In my case, the surgery was done about six years ago in San Francisco, and results have been impressive. My tremor is no longer prominent, I am able to walk without "freezing" much more frequently, my "on" time is longer, my sleep is less fitful, and my bladder urgency is much tamer. I am also able to get by with substantially less medication than pre-DBS days, and this minimizes unwanted side-effects.

While DBS can have great impact on motor difficulties, it is not helpful for the troublesome non-motor problems associated with PD. These include loss of balance, depression, constipation, apathy, cognitive problems and more. And DBS can  exacerbate balance and speech problems as well as inducing depression and mild cognitive problems.

Why am I telling you all this? Because  a team of practitioners who perform the operation at Swedish Hospital in Seattle recently made the trek North to give an informational meeting on the procedure, and what's new in the world of DBS. I went and compulsively took notes. Having compiled the information, what can I do but share it?

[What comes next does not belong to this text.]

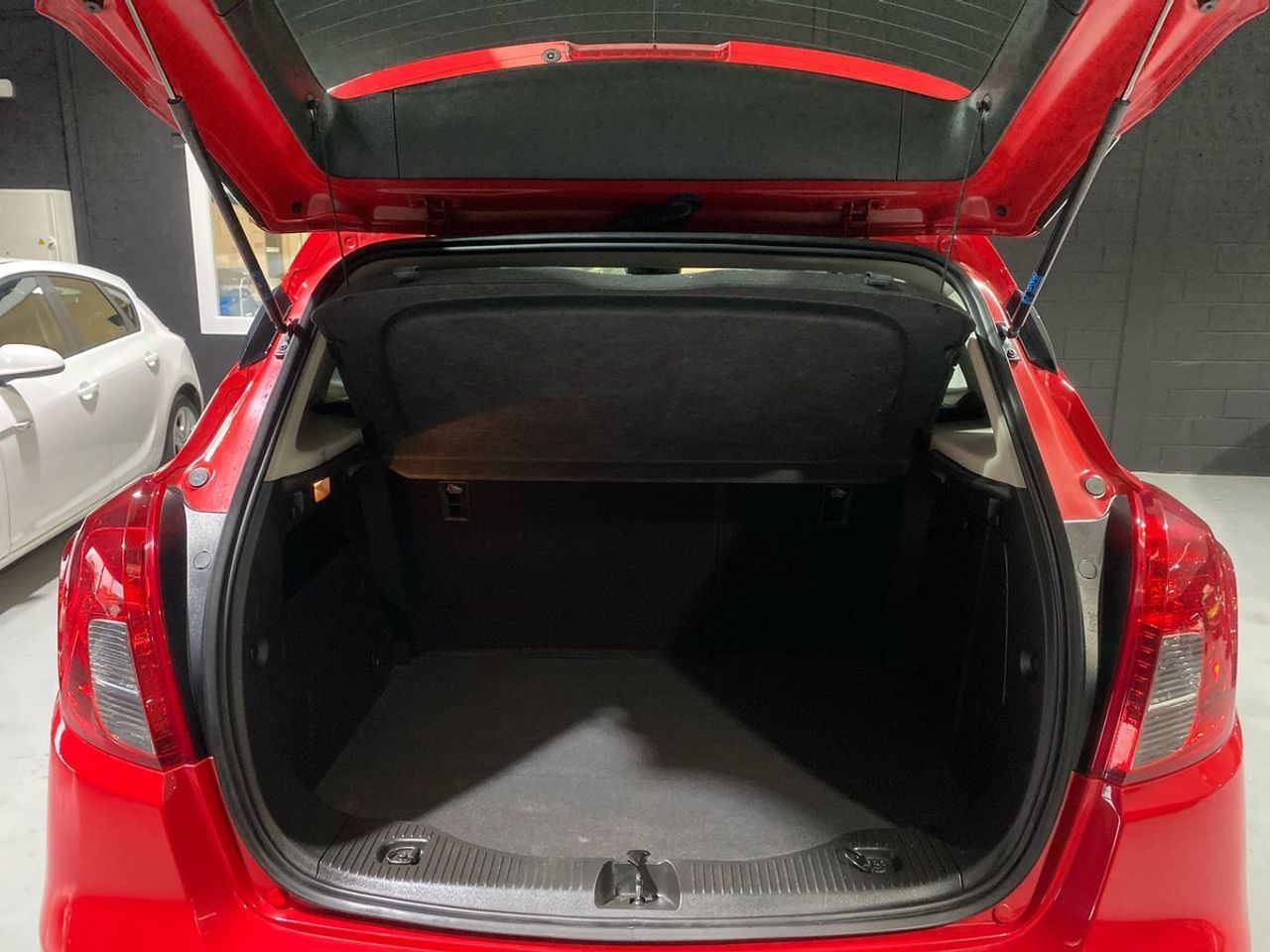 Opel Mokka X 1.4 Turbo Selective Start/Stop - Foto 19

The session was sponsored by Medtronic one of the two manufacturers of FDA-approved DBS devices. Dr. Peter Nora introduced himself, and visiting members of his surgical team, and then went around the room taking questions. I made notes of what seemed to me significant and new. Here is what I gleaned.

1) You still must be a "good candidate " to qualify for and to benefit from the operation, but exactly what that means is an evolving standard. They still do not perform the operation on patients with significant dementia problems, and noted that it can actually worsen dementia. Dr. Nora explained that the diagnosis of dementia had to be done by a neuropsychologist as dementia can be difficult to sort out from apathy or depression, which can also be present in PD. Another still-standing requirement is a good response to levedopa. A significant cut in symptoms when l-dopa therapy is introduced is correlated to  a successful outcome with DBS surgery.

What is different now is that, in Dr. Nora's view, it is appropriate to consider the operation much earlier in the course of the disease, instead of as a last resort, when all drug interventions are no longer effective. He urged the gathering to  decide for themselves when they are ready for the operation, not be sidetracked for reasons of "It's not time." His question: "Who better than the actual patient can say when they are ready?" He acknowledged that caution was in order. The dangers of brain surgery are significant, infection, and/or bleeding can occur. But they only happen in "One percent of one percent" of operations" says Nora, who has had 850 DBS patients. A number of recent studies have shown that the earlier an intervention is introduced, the better the long-term outcome.

2) DBS, in Dr. Nora's view is a bridge to cross on the way to better treatments down the road. In the immediate future he predicted that improvements coming to the mechanism itself are a system that will automatically modify the discharge it emits based on feedback it gathers from the brain. 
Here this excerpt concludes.